There is much enmity between Ardoyne and Glenbryn, symbolised in the "peace lines" that separate the areas. While their political and religious differences are sharp, they share an equality of misery. There are, however, vital demographic differences. While the local Protestant population is ageing and dwindling, Catholic Ardoyne teems with kids; at four o'clock in the afternoon, thousands mill around its streets.

"Listen," says one resident, "at four in the morning some of them are still out there. You'll still see kids, 15 to 19, out at that time, boozed up. In the summer, behind the houses, you'd think they were having some sort of festival. There's dozens of them."

The constant refrain of local teenagers is that they have nothing to do, nowhere to go, once they outgrow the youth club at the age of 15 and before they are old enough to get into the drinking clubs.

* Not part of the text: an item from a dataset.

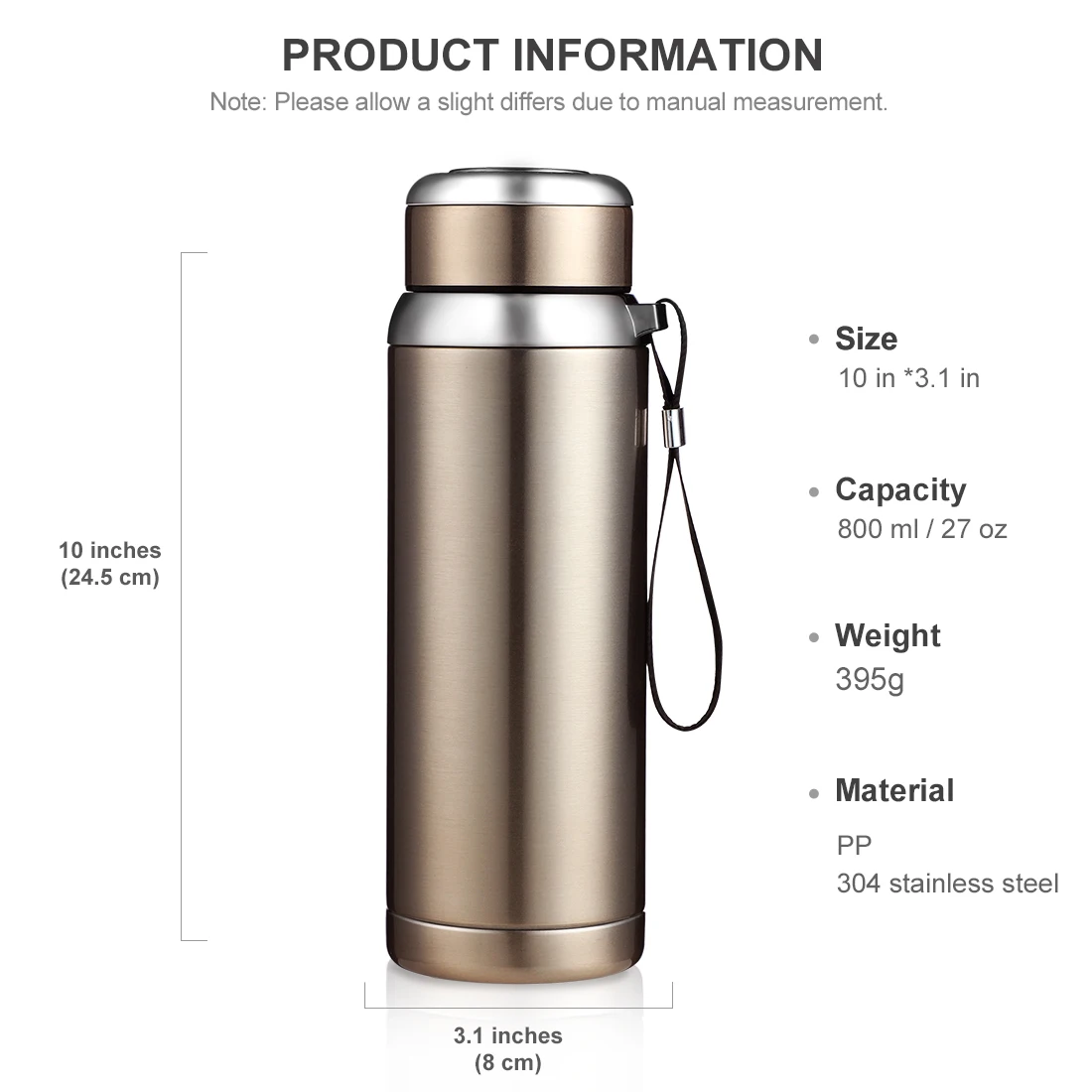 Oneisall 600/800 мл Термос, бутылка из нержавеющей стали, Изолированная бутылка для воды, портативная вакуумная колба для кофе, кружка, чашка для путешествий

Some of these teenagers are what a woman at a recent neighbourhood meeting described as "the wee boys nobody wants to touch".

The meeting heard a plea from Gerard McGuigan of Sinn Fein, who declared: "They're not all angels - but who here is an angel? Let's show these people that they're worth something, even if it's only saying hello when you walk by them. We have to start by saying, 'You belong to us, you're part of us.'"

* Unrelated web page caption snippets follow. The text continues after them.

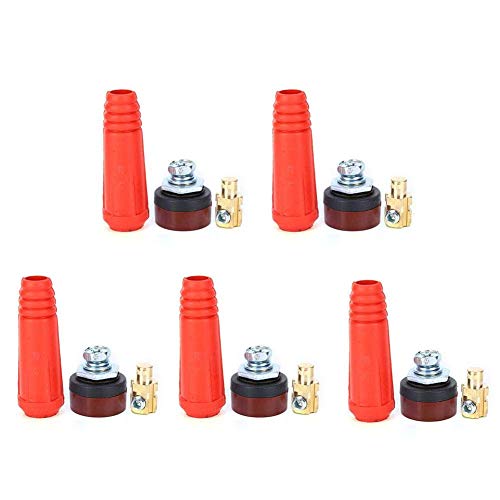 5pcs 10-25 Square Quick Connectors, Welding Cable Joint Quick Connector Pair Welding Machine 10-25 Square European Connecting Welding Long + Round Type Red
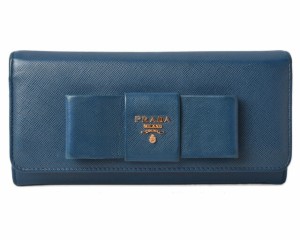 【中古】 PRADA プラダ 財布 中古 長財布/パスケース付 1MH132 BLUETTE/ブルー SAFFIANO FIOCCO/型押しレザー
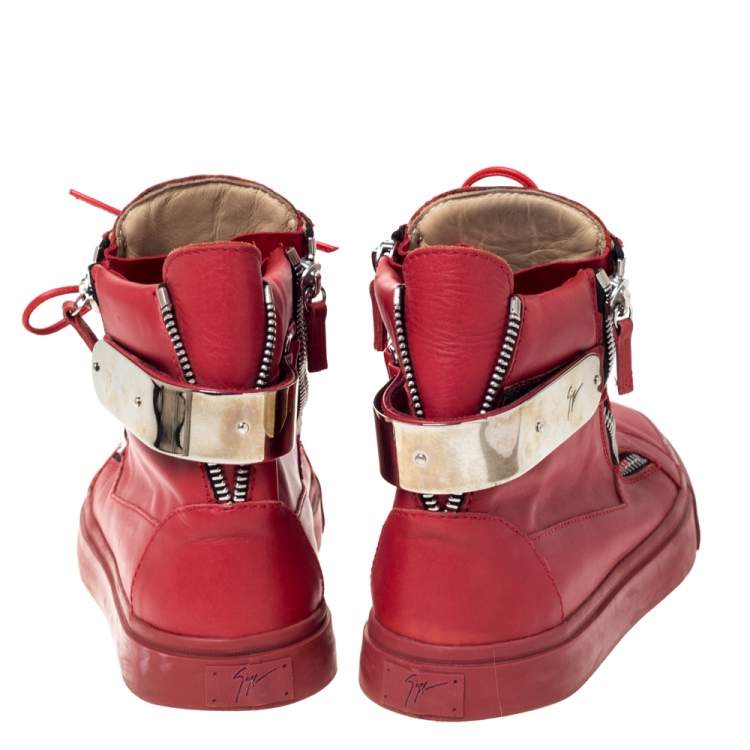 Pre Owned Giuseppe Zanotti Red Leather London High Top Sneakers Size 44.5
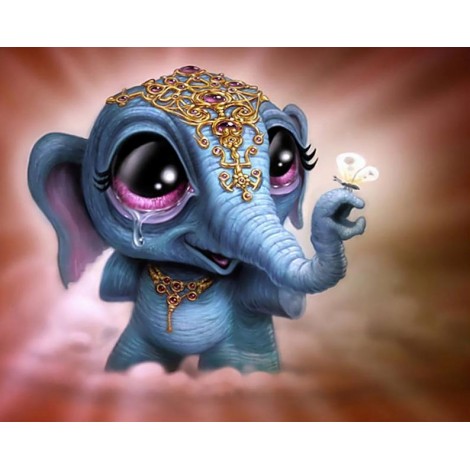 Special Modern Art Colorful Elephant And Butterfly Diy 5D Diamond Painting Kits UK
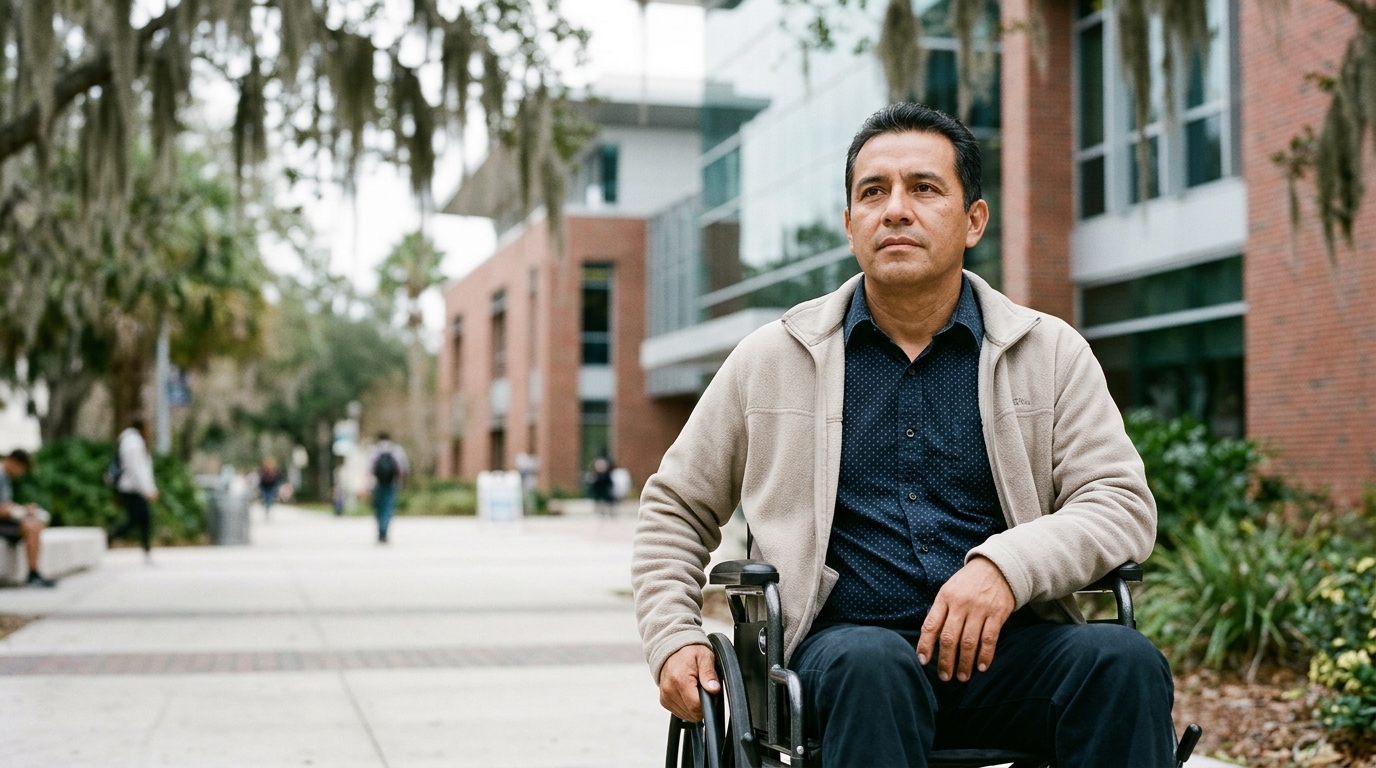 Hispanic man in a wheelchair looking forward with quiet resolve after a catastrophic spinal injury.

Education is a problem. A lot of the young people leave school with no qualifications, and locals complain that they are then sent on training schemes rather than getting real jobs. Some families move out of the area, but that can bring its own problems. Loyalists have shot at former Ardoyne residents, killing a Protestant teenager in the mistaken belief that he was a Catholic. They were taking violent exception to the fact that Catholics from Ardoyne and elsewhere were moving into their areas. Just last week, loyalists from Glenbryn attacked Catholic homes next to Ardoyne with petrol bombs and paint bombs in an attempt to stop Catholics moving in. One of the victims, a 105-year-old woman, was showered with glass.

Ardoyne is presently a depressed area in all senses of the word. As parish priest Father Aidan Troy put it: "It's like a black pall has come down over the place." It is easy to find people who express a sense of bleak cheerlessness, like the resident who said: "Here, it's just a dead-end street. These funerals have been heartbreaking, just heartbreaking."

At the moment, those working in this damaged district are simply getting through one day at a time. But it will clearly take concerted efforts to deal with the suicide issue and other deep-seated problems. There is much work to be done to convince the thousands of youngsters like Anthony and Barney that they can have lives worth living.

Yet some sparks of optimism are visible. Niki Griffin, a young woman who works with local youths, simply refuses to be downcast. "There is a lot of community cohesiveness here, a lot of family support. These kids are very artistic in their own way - we need to find out what makes them buzz, makes them glow."